[[ Dataset records open ]]

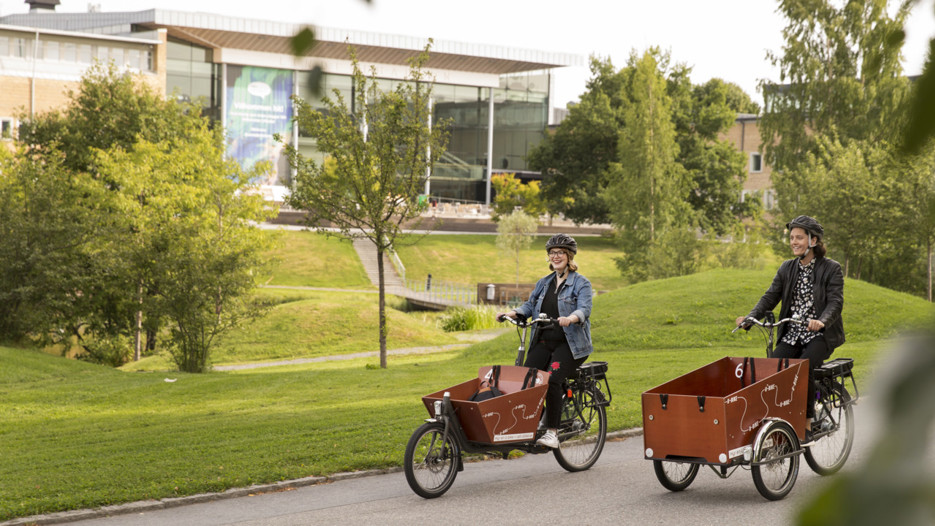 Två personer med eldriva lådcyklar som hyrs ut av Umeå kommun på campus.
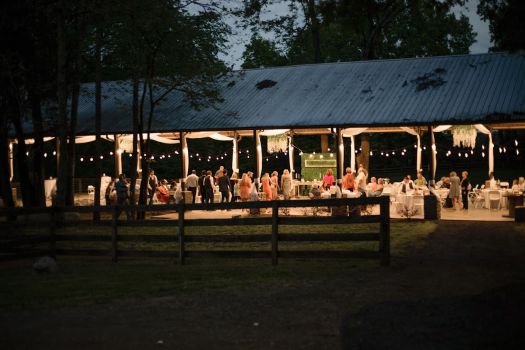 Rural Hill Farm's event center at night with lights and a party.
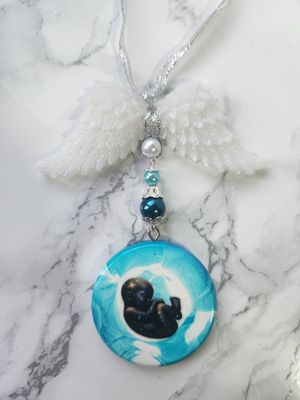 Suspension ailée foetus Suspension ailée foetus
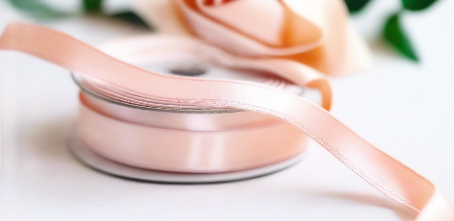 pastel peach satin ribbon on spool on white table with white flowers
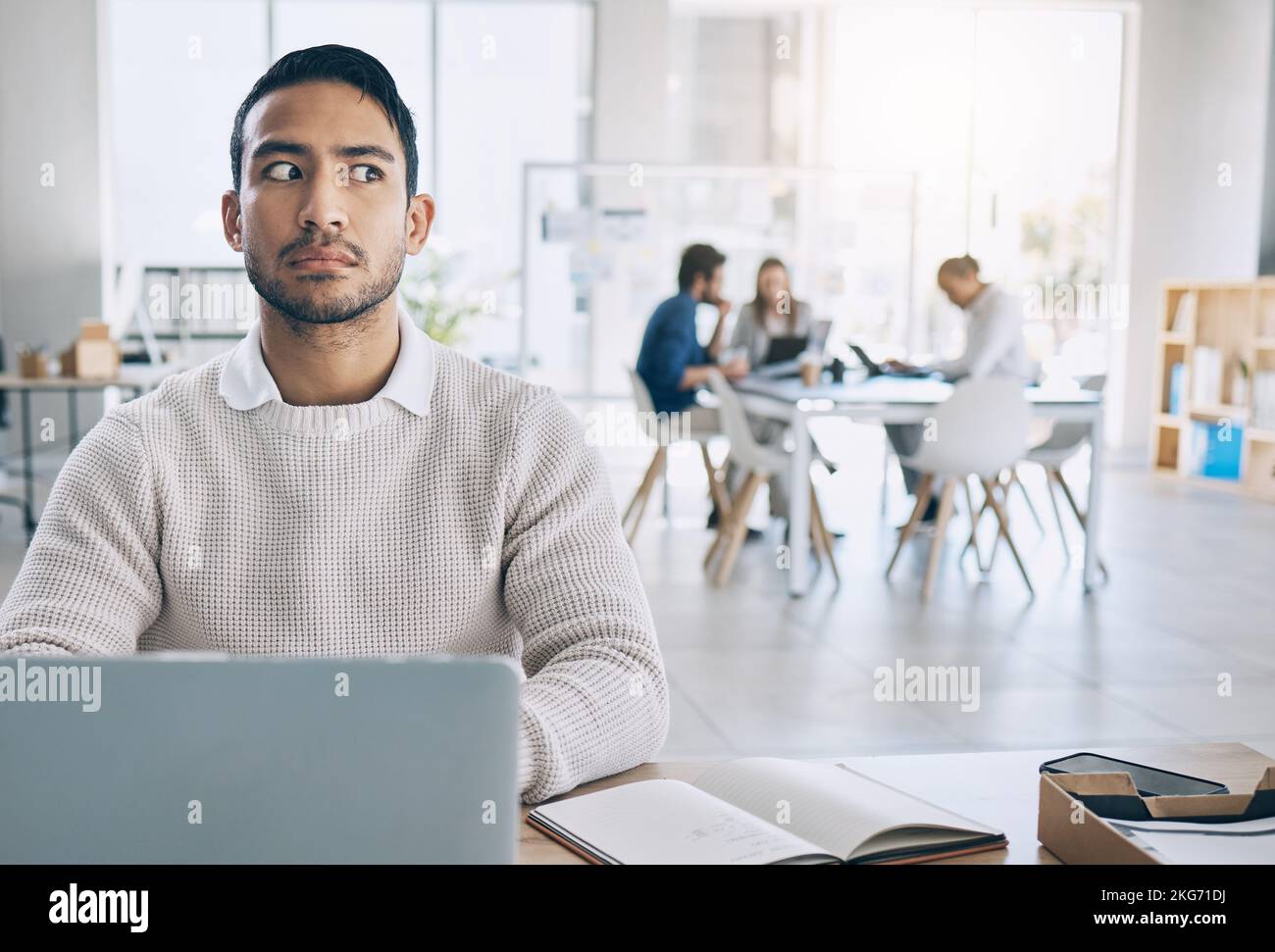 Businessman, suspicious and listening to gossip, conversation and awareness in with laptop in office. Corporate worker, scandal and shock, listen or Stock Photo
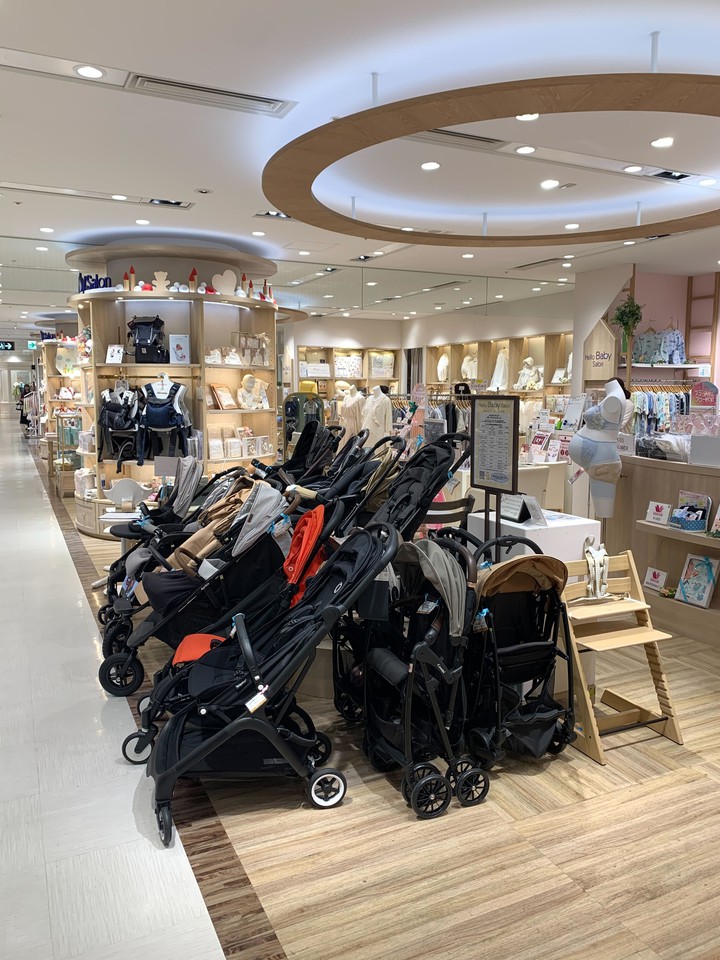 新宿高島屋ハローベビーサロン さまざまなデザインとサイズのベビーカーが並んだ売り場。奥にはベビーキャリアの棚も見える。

[[ Dataset records closed ]]

▶ Task directions: The data above must be reproduced exactly, without any of its pictures.

▶ Solution to this problem:
 Två personer med eldriva lådcyklar som hyrs ut av Umeå kommun på campus.
 Rural Hill Farm's event center at night with lights and a party.
 Suspension ailée foetus Suspension ailée foetus
 pastel peach satin ribbon on spool on white table with white flowers
 Businessman, suspicious and listening to gossip, conversation and awareness in with laptop in office. Corporate worker, scandal and shock, listen or Stock Photo
 新宿高島屋ハローベビーサロン さまざまなデザインとサイズのベビーカーが並んだ売り場。奥にはベビーキャリアの棚も見える。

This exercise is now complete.